I could no longer speak, and simply stood there staring.
She opened the envelope with great difficulty, removed the ring, looked at it, put it into her pocket and didn’t say a word. I turned and walked away sheepishly. Oh, the troubles of a love-struck second-grader.
It’s probably a good thing nothing came of my advances to Debbie. About fifteen years later I saw her at a bar in Yuba City where she appeared to be doing something illegal with a white powder. Debbie had become a heroin addict. She spent most of her adult life in a wheelchair and died in her early fifties.
I turned away from the classroom steps and walked down a corridor. As I walked past some steel pillars that were used to support the corridor roof, I wondered which one I had held onto while Mr. West, my fourth-grade teacher, gave me some swift and powerful swats to my backside with his paddle.
I continued down the corridor and walked into the multi-purpose room. The room appeared to be a lot smaller than I remember, but it was still the same.
For the sesquicentennial celebration, the multi-purpose room had been decorated with streamers, balloons and pictures from the past hanging on the walls. A video of memorable school activities played on a monitor while current and former teachers chatted at a table. As each visitor walked into the room, you could see the teachers looking them over as they tried to remember if he or she was a former student. I didn’t recognize any of the teachers, they looked too young to have been around in my time.
On a table sat some yearbooks. I walked over to the table and looked for the years when l attended Linda Elementary, but couldn’t find anything.

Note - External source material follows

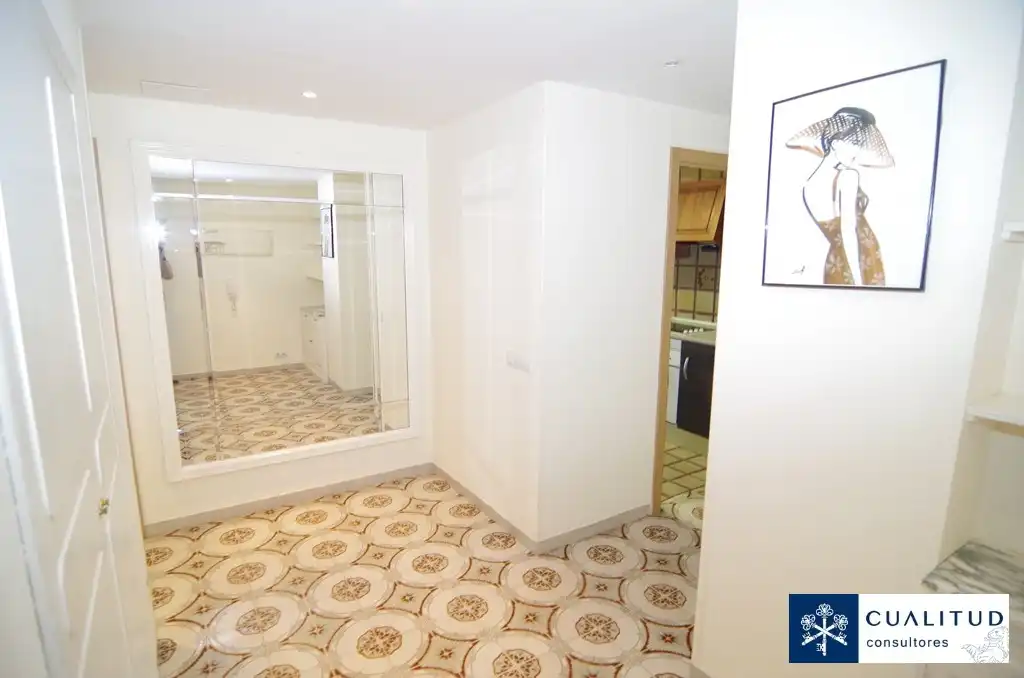 Wohnung zur Miete in Benicasim / Benicàssim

“Your yearbooks are probably over there where all the black-and-white ones are,” a young Asian-looking woman commented.
“Do I look that old?” I chuckled.
“That’s okay…. just teasing”, I replied.
I went over to the table and found a yearbook for the year I was in Fourth Grade, and opened it. I found my class and looked at the black-and-white images of my former classmates. I then turned the pages, and looked for other people in other grades. I recognized Peter, Terry, Stephen, Debbie, Sherrie, Joey, Jimmy, Greg and many others.
I knew very little of what happened to most of the children pictured in that yearbook. I do know that some have raised families, are working hard and volunteering in the community and in their churches – salt of the earth.
As I continued to gaze at the photos, all of a sudden I was overcome with immense sadness. There was Joey, such a bright and capable kid, shot while robbing a liquor store. There was Jimmy, the class clown that faced a life-long battle with alcohol; Stephen, the star athlete that died of a drug overdose; Susan who fell into the wrong crowd and Debbie, who had so much potential. I felt like the survivor of a major tragedy. It was as if someone punched me and took my breath away. Why me? What makes me so special? I took a deep breath, closed the yearbook, and laid it back onto the table. I then told my sisters I was going outside.
I went outside, walked over to the concession stand set up for the celebration, and bought a hot dog. I then went over to a small bench, sat down and looked out into the courtyard of my former school. There were adults and children laughing and smiling as they visited classrooms. Most of them appeared to be of Hmong descent. I thought about the parents and their difficulties in leaving the hill country of Laos to come to America to a safer life, not too unlike the parents of many of my former classmates, who had been economic refugees from America’s dust bowl, all in search of a better life.
I also thought about the children. I wanted to grab them and show them my old yearbook.
“Look what happened to him! To her! Don’t be like that!” I wanted to shout, but knew I couldn’t.
My sisters walked by and said they were getting ready to leave. I got up and followed them to the car and got in and my sister drove away. I sat there in silence thinking about the people in that yearbook. I also thought of how I would like to get to know more about people.
“You’re awfully quiet,” my sister commented to break the silence.
“Yeah, I was just thinking how little we really know about others,” I replied.
“I’ll bet you don’t even know I’ve been thrown in jail over fifty times, do you?”
“No, I don’t. How’d that happen?”
“I’ll tell you someday,” I sighed.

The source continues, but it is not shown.